REPUBLIKA.CO.ID, JAKARTA -- Pengamat hukum Universitas Trisakti, Abdul Fickar Hajar berpendapat, ada pejabat tinggi Kementerian Perhubungan (Kemenhub) yang terlibat pungutan liar (pungli). Maka dari itu, penindakan oleh Polri, tidak cukup hanya pada pejabat bawahan saja, tapi harus ditelusuri hingga pejabat tingkat atas.
"Meskipun (pungli) dilakukan oleh bawahan (Kemenhub), tetapi saya yakin para atasan smpai setingkat esselon I mengetahui dan membiarkannya, bahkan mungkin terima setoran. Karena itu penindakan tidak cukup hanya pada PNS bawahan saja, tapi harus ditelusuri sampai pejabat tingkat atas," kata Fickar saat dihubungi Republika, Rabu (12/10).
Penegak hukum, kata Fickar, kerap kesulitan untuk menelusuri kasus korupsi ataupun pungli hingga pejabat tingkat tinggi.

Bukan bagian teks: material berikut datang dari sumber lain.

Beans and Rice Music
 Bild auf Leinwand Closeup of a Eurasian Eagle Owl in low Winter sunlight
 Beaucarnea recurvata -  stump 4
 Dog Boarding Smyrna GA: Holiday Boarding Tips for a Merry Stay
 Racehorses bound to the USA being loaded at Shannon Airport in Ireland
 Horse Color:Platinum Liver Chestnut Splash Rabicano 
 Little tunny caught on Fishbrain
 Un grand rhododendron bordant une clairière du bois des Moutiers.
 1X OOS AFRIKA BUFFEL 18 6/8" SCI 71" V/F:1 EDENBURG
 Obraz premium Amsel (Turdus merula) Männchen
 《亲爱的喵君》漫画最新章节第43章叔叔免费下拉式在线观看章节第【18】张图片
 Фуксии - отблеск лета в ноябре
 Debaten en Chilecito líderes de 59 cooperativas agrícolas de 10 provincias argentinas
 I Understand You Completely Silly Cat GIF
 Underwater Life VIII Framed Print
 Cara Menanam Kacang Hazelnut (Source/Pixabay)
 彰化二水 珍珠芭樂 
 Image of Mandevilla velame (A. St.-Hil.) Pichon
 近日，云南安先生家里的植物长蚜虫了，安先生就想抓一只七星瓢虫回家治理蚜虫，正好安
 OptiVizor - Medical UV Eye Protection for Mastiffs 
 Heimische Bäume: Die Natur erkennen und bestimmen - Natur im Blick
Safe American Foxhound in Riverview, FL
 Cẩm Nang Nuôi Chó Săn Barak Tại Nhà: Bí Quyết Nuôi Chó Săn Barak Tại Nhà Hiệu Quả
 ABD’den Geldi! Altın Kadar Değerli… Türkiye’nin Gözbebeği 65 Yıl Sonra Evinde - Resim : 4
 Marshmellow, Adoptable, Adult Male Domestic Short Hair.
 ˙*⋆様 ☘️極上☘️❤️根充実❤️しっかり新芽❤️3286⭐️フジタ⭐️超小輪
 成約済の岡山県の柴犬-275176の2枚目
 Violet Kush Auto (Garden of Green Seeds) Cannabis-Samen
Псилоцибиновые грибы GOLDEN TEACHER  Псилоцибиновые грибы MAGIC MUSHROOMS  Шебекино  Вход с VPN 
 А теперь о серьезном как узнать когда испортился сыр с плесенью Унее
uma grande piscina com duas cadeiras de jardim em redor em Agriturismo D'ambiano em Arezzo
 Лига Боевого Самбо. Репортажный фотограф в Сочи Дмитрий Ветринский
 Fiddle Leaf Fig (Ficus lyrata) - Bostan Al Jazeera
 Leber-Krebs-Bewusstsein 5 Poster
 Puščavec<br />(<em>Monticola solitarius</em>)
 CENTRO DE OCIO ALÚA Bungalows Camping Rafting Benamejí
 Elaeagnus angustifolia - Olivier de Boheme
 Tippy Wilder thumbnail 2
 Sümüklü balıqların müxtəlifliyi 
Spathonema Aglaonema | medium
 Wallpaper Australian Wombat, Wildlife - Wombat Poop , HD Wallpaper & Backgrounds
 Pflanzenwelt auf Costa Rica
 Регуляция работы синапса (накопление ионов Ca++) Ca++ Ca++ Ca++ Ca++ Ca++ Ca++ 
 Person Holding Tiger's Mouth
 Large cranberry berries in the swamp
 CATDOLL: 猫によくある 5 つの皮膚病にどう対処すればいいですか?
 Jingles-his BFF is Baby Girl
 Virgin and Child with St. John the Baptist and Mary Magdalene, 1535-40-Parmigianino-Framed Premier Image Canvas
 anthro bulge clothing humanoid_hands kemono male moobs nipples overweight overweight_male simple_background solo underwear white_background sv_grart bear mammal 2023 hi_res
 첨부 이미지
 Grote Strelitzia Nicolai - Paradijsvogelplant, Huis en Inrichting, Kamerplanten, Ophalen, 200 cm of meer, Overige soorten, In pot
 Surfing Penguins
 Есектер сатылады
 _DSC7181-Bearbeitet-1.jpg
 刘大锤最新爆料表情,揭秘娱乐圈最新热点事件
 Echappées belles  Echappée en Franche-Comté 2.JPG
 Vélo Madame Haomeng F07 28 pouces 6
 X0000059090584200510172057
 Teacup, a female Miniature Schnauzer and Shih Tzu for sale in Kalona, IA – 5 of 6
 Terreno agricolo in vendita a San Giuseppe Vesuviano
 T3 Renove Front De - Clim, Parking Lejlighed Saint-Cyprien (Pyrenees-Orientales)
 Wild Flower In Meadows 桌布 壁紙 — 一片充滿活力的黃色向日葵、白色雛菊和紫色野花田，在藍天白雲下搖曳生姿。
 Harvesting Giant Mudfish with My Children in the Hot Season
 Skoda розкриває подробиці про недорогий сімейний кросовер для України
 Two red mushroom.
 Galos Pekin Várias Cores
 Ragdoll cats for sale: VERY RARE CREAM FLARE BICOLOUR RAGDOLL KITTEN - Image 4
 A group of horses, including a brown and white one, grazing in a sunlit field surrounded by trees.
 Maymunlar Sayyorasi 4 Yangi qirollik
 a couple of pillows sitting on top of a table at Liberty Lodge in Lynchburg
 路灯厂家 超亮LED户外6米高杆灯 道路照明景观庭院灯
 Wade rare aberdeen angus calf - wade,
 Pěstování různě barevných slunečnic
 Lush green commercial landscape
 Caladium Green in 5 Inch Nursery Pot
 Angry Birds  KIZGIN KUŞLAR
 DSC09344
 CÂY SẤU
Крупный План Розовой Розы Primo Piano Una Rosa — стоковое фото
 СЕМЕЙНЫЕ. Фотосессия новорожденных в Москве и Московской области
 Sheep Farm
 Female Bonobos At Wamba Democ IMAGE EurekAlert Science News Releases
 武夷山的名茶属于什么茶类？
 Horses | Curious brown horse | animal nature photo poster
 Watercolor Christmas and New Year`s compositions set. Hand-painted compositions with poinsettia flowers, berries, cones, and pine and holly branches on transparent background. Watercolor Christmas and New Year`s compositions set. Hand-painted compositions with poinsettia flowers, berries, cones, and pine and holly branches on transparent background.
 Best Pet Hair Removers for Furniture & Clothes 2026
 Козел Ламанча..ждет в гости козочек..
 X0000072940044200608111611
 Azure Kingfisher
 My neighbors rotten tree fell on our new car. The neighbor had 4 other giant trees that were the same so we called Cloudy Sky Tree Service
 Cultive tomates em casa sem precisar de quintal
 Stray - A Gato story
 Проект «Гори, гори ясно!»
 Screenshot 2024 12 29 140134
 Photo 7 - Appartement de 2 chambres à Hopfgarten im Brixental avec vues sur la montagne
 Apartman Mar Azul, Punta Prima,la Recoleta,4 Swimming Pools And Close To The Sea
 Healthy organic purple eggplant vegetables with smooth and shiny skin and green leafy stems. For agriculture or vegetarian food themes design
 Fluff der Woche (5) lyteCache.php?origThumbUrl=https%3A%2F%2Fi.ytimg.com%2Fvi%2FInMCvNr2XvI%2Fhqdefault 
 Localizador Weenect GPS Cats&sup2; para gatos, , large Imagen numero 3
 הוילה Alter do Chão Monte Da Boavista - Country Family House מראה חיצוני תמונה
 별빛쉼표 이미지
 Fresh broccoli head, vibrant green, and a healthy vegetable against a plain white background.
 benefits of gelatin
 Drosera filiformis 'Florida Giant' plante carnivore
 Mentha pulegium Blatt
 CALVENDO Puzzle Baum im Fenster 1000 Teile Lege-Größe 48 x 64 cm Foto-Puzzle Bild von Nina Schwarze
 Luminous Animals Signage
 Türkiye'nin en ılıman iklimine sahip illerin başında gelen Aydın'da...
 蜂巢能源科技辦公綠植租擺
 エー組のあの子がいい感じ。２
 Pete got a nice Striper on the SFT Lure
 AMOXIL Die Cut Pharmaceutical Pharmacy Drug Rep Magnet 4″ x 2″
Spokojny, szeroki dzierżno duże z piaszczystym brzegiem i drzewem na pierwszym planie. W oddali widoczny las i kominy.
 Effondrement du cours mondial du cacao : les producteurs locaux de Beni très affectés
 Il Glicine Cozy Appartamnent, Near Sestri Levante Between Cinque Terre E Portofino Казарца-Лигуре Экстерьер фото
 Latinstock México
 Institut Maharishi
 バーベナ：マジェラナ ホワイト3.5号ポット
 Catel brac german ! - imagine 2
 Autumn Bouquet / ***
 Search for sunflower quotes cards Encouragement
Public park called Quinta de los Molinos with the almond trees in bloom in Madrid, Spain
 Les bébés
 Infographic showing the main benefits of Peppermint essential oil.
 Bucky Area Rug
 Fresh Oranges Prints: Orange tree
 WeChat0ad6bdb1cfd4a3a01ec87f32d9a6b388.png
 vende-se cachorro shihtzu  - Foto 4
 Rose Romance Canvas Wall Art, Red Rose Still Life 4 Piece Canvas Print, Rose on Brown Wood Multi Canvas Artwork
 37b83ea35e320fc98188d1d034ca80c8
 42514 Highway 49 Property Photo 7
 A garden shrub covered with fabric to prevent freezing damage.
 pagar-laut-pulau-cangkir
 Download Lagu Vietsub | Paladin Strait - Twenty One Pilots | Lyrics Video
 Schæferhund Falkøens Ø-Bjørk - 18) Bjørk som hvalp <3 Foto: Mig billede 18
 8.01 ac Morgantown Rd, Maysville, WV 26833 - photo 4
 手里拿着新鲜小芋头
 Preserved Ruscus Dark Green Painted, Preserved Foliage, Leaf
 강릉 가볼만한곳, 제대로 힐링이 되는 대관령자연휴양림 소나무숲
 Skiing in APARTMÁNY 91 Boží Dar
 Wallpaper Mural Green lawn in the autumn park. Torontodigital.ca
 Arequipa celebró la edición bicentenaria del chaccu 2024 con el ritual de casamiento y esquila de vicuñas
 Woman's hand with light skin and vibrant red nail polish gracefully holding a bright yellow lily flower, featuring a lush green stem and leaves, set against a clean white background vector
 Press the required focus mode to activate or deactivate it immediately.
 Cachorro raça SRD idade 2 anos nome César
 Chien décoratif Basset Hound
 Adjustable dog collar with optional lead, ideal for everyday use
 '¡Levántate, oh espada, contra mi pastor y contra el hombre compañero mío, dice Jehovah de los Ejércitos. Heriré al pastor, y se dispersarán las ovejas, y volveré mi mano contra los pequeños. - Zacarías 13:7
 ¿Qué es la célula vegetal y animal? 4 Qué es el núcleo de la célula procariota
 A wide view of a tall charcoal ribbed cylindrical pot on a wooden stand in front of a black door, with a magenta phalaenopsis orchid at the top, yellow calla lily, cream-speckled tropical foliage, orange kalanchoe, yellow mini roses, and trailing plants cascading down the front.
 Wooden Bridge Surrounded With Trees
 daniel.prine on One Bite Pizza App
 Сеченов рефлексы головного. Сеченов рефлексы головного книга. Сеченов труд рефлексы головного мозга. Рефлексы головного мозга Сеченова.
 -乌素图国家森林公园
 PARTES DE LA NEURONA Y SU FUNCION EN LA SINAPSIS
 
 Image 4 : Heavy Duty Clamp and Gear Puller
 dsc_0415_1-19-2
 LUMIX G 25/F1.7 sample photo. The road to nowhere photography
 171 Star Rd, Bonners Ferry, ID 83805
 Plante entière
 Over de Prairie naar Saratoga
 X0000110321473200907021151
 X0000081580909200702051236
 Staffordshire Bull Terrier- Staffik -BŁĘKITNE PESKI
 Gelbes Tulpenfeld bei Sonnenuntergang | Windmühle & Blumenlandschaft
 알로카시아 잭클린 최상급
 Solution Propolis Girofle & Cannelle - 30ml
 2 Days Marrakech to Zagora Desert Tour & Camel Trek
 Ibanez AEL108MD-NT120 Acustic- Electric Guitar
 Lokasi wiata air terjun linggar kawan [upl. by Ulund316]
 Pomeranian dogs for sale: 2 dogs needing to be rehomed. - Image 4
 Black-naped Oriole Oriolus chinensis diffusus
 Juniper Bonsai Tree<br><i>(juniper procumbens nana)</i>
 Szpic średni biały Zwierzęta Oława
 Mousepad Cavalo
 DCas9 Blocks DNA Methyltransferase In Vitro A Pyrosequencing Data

Setidaknya, ada dua kemungkinan yang membuat penegak hukum kerap mandeg dalam upaya penelusuran kasus pungli atau korupsi.
Pertama, karena dalam penelusuran, Polri tidak menemukan bukti yang cukup. Kedua, karena ada pembiaran dari Polri itu sendiri. Maka dari itu, pengawasan dari masyarakat harus diperketat.
"Kemungkinanya ada dua yang membuat polisi tidak bisa menindak hingga ke atasan. Pertama kurang bukti untuk menuntut atasannya atau delapan enam. Kura-kura dalam perahu ini, jadi ditutup maksudnya oleh yang bersangkutan," terang Fickar.
Seperti diketahui, Kepolisian Negara Republik Indonesia melakukan operasi tangkap tangan (OTT) terhadap pegawai Kementerian Perhubungan. Penangkapan itu diduga terkait pungutan liar yang dilakukan oleh pegawai Kemenhub.